По мнению Спинозы, Священное Писание предназначено не для того, чтобы научно объяснить устройство мира (процесс Галилея был все еще на слуху), но для того, чтобы дать людям список правил, которым необходимо подчиняться. Главным образом эти указания касаются соблюдения справедливости и милосердия как основы гармоничной жизни общества. Но, в то время как мы соблюдаем эти правила по своей воле, руководствуясь доводами естественного разума и философии, религия заставляет нас следовать им из покорности.
«Ведь кто не видит, что оба Завета суть не что иное, как учение о послушании, что тот и другой не преследует иной цели, кроме той, чтобы люди повиновались от чистого сердца?» [74] [30].
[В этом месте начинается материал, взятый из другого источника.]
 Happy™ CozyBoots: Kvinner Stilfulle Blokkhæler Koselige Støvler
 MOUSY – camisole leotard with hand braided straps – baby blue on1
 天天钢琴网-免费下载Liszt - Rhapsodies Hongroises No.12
Можно считать веру и соблюдение религиозных заповедей рабством, но для некоторых они могут стать путем к счастью, научив их любить ближнего: «весь закон только в том и состоит, что в любви к ближнему» [75] [31]. Спиноза цитирует Первое послание Иоанна Богослова:
«Возлюбленные! будем любить друг друга, потому что любовь от Бога, и всякий любящий рожден от Бога и знает Бога. Кто не любит, тот не познал Бога, потому что Бог есть любовь» [76] [32].
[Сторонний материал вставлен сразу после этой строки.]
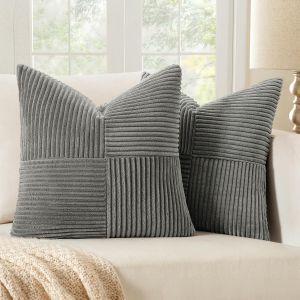 Eryi-Lot De 2 Housse Coussin En Velours Côtelé 50x50cm Gris Foncé Housse De Coussin Decoratif Coussin De Canapé Moderne Doux Déco Coussin De Canapé - Neuf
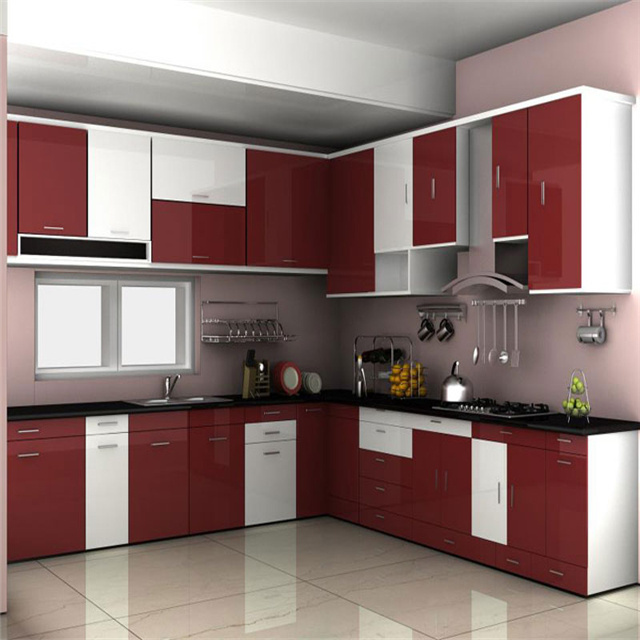 New Model Red Aluminum Kitchen Cabinet Kitchen Full Design of Kitchen Furniture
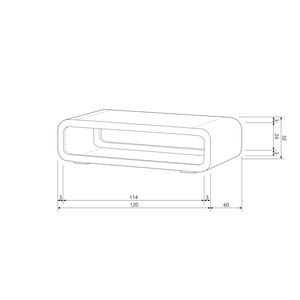 Kin salontafel acaciahout naturel, maattekening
Поэтому важно четко отделять мысль от веры, а философию от теологии. Философия ищет истину и высшее блаженство, в то время как вера воспитывает послушание и благочестие. Вера и философия представляют собой разные вещи, так что «вера предоставляет каждому полнейшую свободу философствования» [77] [33]. Точно так же не пересекаются пути теологии и разума: «ни богословие разуму, ни разум богословию не обязаны служить, но каждый владеет своим царством. Именно, как мы сказали, разум – царством истины и мудрости, богословие же – царством благочестия и послушания» [78] [34]. Очевидно отдавая предпочтение поиску мудрости при помощи разума, Спиноза тем не менее осознает, что «Писание принесло смертным очень большое утешение. Действительно, повиноваться могут, безусловно, все, но людей, для которых добродетель стала привычкой только под руководством разума, встречается весьма немного сравнительно со всем человеческим родом» [79] [35].
Глава 5Спиноза и Христос
Чуть позже мы вернемся к «Богословско-политическому трактату» и узнаем о взглядах Спинозы на взаимодействие религиозной и политической сфер, а также на демократию. Но перед этим я хотел бы рассказать о том, как философ воспринимал личность Христа, а затем – о неоднозначном отношении еврейского сообщества к Спинозе на протяжении вот уже 350 лет.
Я был поражен, обнаружив, что в трудах философа, в особенности в «Богословско-политическом трактате», фигура Христа занимает особое место. Я называю его не Иисусом, а Христом, потому что по этому мессианскому титулу («помазанник») называет его сам Спиноза. Помните: Спиноза никогда не допускал мысли об обращении в христианство, это упорство усложнило ему жизнь и, вероятно, стоило большой любви его молодости. Философ неоднократно утверждал, что ничего не понимает в христианском догмате о Святой Троице и не видит никакой надобности следовать каким-либо религиозным ритуалам. Его личная духовность была выстроена им при помощи разума. Мы увидим, что порой она граничит с имманентной мистикой, при этом никак нельзя утверждать, что Спиноза был религиозным человеком. Даже с риском для своей жизни и под угрозой преследования церковными властями (как иудейскими, так и христианскими), философ оставался свободным от всякой религиозной принадлежности. Я подчеркиваю этот факт потому, что было бы ошибкой считать слова Спинозы о Христе проявлением двуличия или, как утверждали некоторые комментаторы, заискиванием перед христианами. Ведь это бы совершенно противоречило свободному и независимому духу философа, не готового пойти на малейшие уступки на пути к истине. Об этом свидетельствуют его письма: он упорно настаивает на правильности своих идей, особенно в вопросах религии, даже рискуя быть непонятым лучшими друзьями и верными помощниками. Да, Спиноза не публиковал свои работы или публиковал их под псевдонимом, чтобы не возбуждать ненависти. Но никогда не искажал своих идей.